Is that the overall goal, then? There are going to be people who never go competitive or never want to go competitive, is the hope to move them from the casual arena to a competitive one?

I want to be cautious about the competitive angle. Vainglory is today the largest competitive multiplayer mobile esport, which we're really proud about, but we don't view that as a goal in its own right. We view that as a litmus test of whether the game is competitively viable enough that there's enough people that like this kind of thing that they like to watch it, and they want to play it, and they can make a living off the back of being professional players. That's cool, it's great, and we love to encourage it as much as possible.

Fundamentally, though, that's not what we set out to create.

We set out to create that feeling - in my case, in the mid-90s, lugging my PC over to a friend's house, playing in a LAN party all night, thinking that I was real good at whatever I was playing back then, which I want to say was Unreal? Maybe I started with Doom originally, then maybe Quake, then Unreal. You know, kind of thinking that you were s**t-hot all the way until you managed to connect to someone else over the internet and then were like, whoa, whoa, whoa, there are other really good players. As it turned out, I was really not s**t-hot at all, but it took me a while to realize that.

But the point is, we want to create an enjoyable, fun experience to play at every level. We don't want to confuse competitively-viable skill sets with being able to have fun at the game. The way we think about it is like, we take a sport like soccer. It's super fun to kick a ball with friends in your backyard, you can play some amateur ball, you can play in a professional league and watch the world championships, right? It's fun, it's the same game, it's equally fun, it's reasonably accessible, you can learn how to kick a ball.

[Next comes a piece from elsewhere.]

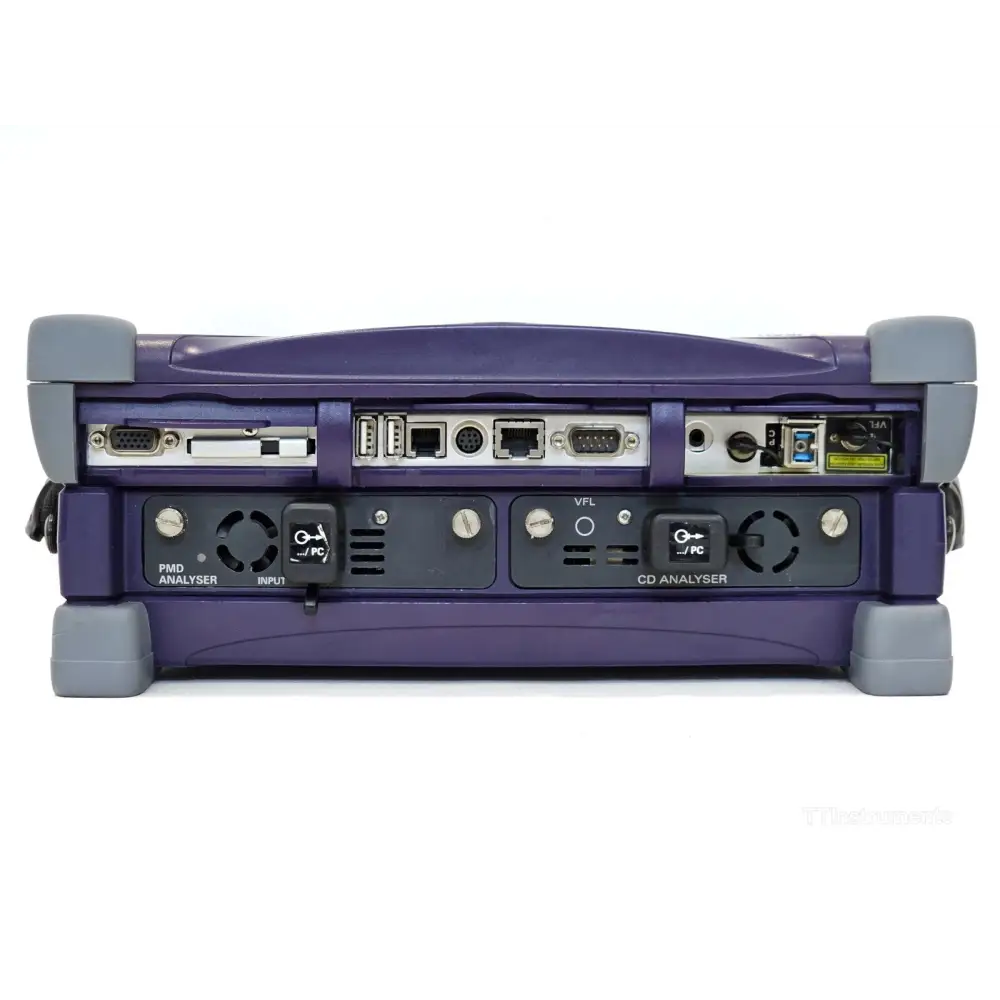 Viavi JDSU T-BERD 8000 top-down view showing module layout and keypad interface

Here, you have a phone, everyone has a phone, and you can play this game on any device you have. It's a thing you can do instead of playing a board game, or playing cards, or playing something else would do around the table. We want you to have fun in your own skill tier in a way that's fun. Helping guide people to that point where they have a lot of fun with the game with friends is, to us, really the game. We want to take it to the point where, for us, gaming played a really important role growing up as a thing that really brought us together with friends. There was a certain connection where you'd play all night and then have to go to school in the morning with those same friends and deeper friendships. Being able to create a game that plays that kind of a role was important to us.

The esports angle, it's so overhyped these days. We're part of it, it's great that it exists, and we're super excited about the [Vainglory esports teams] TSMs and Tribes and Fnatics of the world, and other Vainglory teams, and excited about those partnerships like the Razer partnership and now the ESP partnership... it is, to us, a litmus test. If we do our job correctly creating a super fun game, then that emerges, as opposed to trying to make that. We don't know that that's even possible, we just want to create a super fun game for the community.

 

Vainglory is available on iOS and Android. The 5v5 update went live today.